**Your objective**:
Would you transcribe exactly the lines from the one containing "Hi, it's Chris" to the last line of the data below, both ends included, but none of the pictures?

═══ Data extract ═══

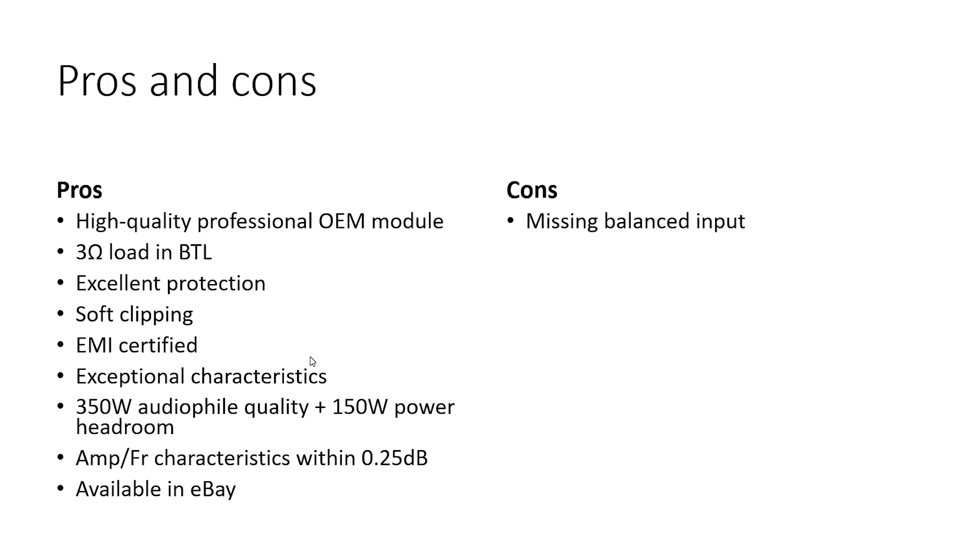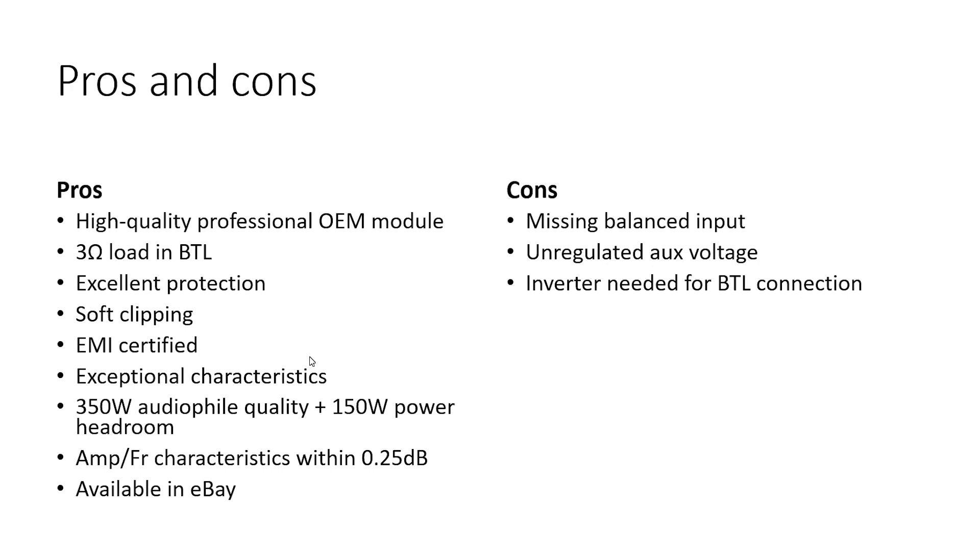Cons: missing balanced input. In my case it's a feature, because I'm developing my own. No need to pay for integrated ones. Cost optimization. Unregulated auxiliary voltage—in my case it's a feature, because I'm developing my own high-quality plus-minus 15V stabilized power supply for the amplifier. Inverter needed for the BTL connection. I'm using one chip inverter with the highest dual signal tolerance possible. Selectable mains for 110V countries and 220V countries. Should live with the jumper settings according to the region.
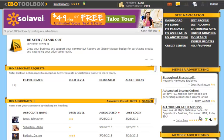Hi, it's Chris Karafotis with IBO Toolbox Training. In this video session you are going to learn how to send a message to one of your associates.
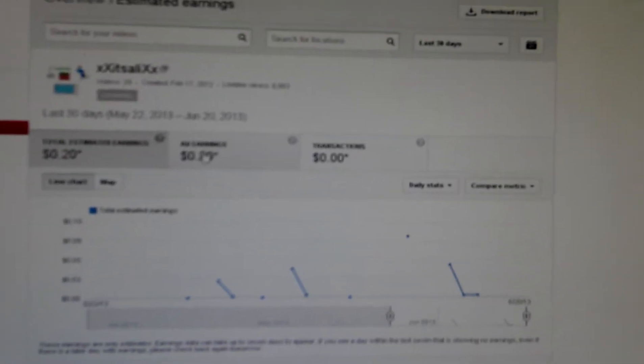Thanks to you guys, I've made 20 cents. I could probably buy like a piece of gum with that, but you know, that gum I'm going to be chewing on is thanks to y'all.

═══

**Result of this task**:
Hi, it's Chris Karafotis with IBO Toolbox Training. In this video session you are going to learn how to send a message to one of your associates.
Thanks to you guys, I've made 20 cents. I could probably buy like a piece of gum with that, but you know, that gum I'm going to be chewing on is thanks to y'all.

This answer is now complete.